▶ **Task description**: For this exercise, write out the whole listing below exactly, omitting its images.

___ Dataset content ___

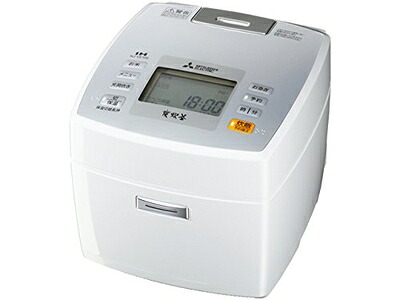 【中古】 三菱 IHジャー炊飯器 NJ-VE105-W 5.5合炊き ピュアホワイト NJ-VE105-W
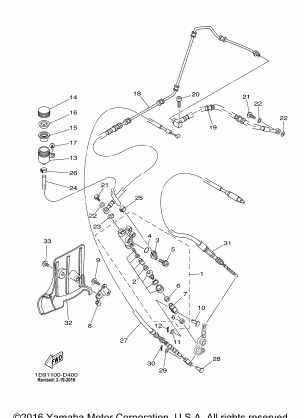 REAR MASTER CYLINDER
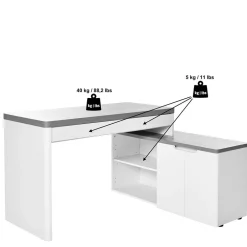 Wohnen Schreibtischkombination im Skandi Design - Xuana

___

▶ **Written reply**:
 【中古】 三菱 IHジャー炊飯器 NJ-VE105-W 5.5合炊き ピュアホワイト NJ-VE105-W
 REAR MASTER CYLINDER
 Wohnen Schreibtischkombination im Skandi Design - Xuana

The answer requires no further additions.